Imagine taking a pill that makes you more productive at work, improves your relationships and beyond all that maximise your life potential!
Imagine taking a pill that makes you see the glass as half full, that helps you get out of bed each morning and face the day, that makes you more pleasant, less irritable to your family and friends.
Imagine journeying to the primeval Amazonia, there meeting a wizened mystic who gives you some rancid tasting herbs that jolt you into an internal journey where you gain insight and clarity about yourself and the universe, an awe-inspiring, life-transformation experience.
When we got to the doctors with a medical problem, we hope to be given some cure or treatment. We don’t need to know everything about how these treatments work, but we need to trust that the person we’re talking to knows.

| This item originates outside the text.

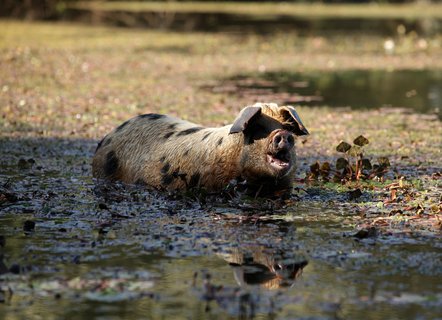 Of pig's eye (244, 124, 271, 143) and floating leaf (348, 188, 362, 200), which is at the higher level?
pig's eye (244, 124, 271, 143)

When we have blood pressure problems, or infection problems, or pain problems, we are prescribed medications and we expect that these problems will be resolved. And we expect it because we trust the prescriber and the knowledge they possess: science. And when meds work, and they usually do, our problems improve.
What about when the problem is our selves? When we are the problem, we seek treatment in the hope that part of our personality, character or temperament changes. We often feel like we know what part of us is the problem, and we trust science, and scientific experts to know that their solutions work on that particular part.
It takes a lot of trust, putting our personalities into the hand of experts!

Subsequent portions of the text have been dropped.